Southside Virginia has the most shovel-ready industrial sites in the state, thanks to recent upgrades in classification for numerous pieces of land.
A total of 19 sites in Danville and Pittsylvania County were bumped up from tier-two to tier-four or tier-five sites under classification by the Virginia Business Ready Sites Program, said Linda Green, executive director of the Southern Virginia Regional Alliance.
“Southside Virginia leads the commonwealth in the number of prepared sites, one of the reasons for the success they are achieving in business attraction,” the alliance stated in a news release last week. “The strategy by local elected officials, government and economic development staff to keep an inventory of ready sites that serve diverse industries leads to sites that are ready to market for prospects who need to ensure that the risks of building on the sites have been assessed and minimized.”
Of the 19 sites that went up in classification in Danville and Pittsylvania County, 15 went from tier two to tier four, and four went from tier two to tier five, Green said. Those sites total 665 acres.
Also, eight sites in Halifax County and one in Patrick County received upgrades. Those two localities are also served by the Southern Virginia Regional Alliance.
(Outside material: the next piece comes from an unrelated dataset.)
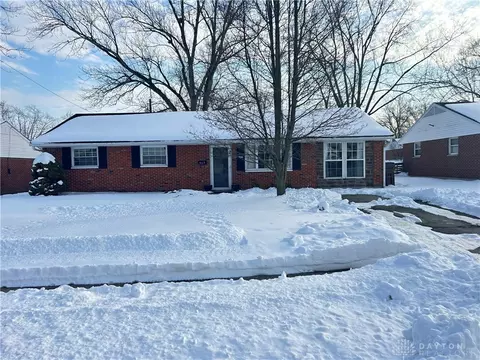 517 San Bernardino Trl, Englewood, OH 45322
The Southern Virginia Regional Alliance’s service region has worked with the engineering firms of Dewberry and Reynolds and Clark (now Hurt & Proffitt) to complete right-of-way and engineering and building for reliable, redundant and abundant sites across the region.
The Virginia Business Ready Sites Program was developed by a group of engineering firms and consulting firms to look at what it takes to have sites shovel-ready, or prepared for companies to locate there.
The program has a five-tiered system of classifying the readiness of industrial sites in a Virginia locality.
A tier-one site is one that has just been identified for development and has no sales price.
A tier-two site is under ownership, either public, private or public-private, and has been identified in a comprehensive plan for industrial use.
Tier three includes sites that have been zoned and has had basic due diligence performed.
Sites under tier four are prepared for development including building or construction that can take place in 12 to 18 months, with all plans completed by licensed professional engineers.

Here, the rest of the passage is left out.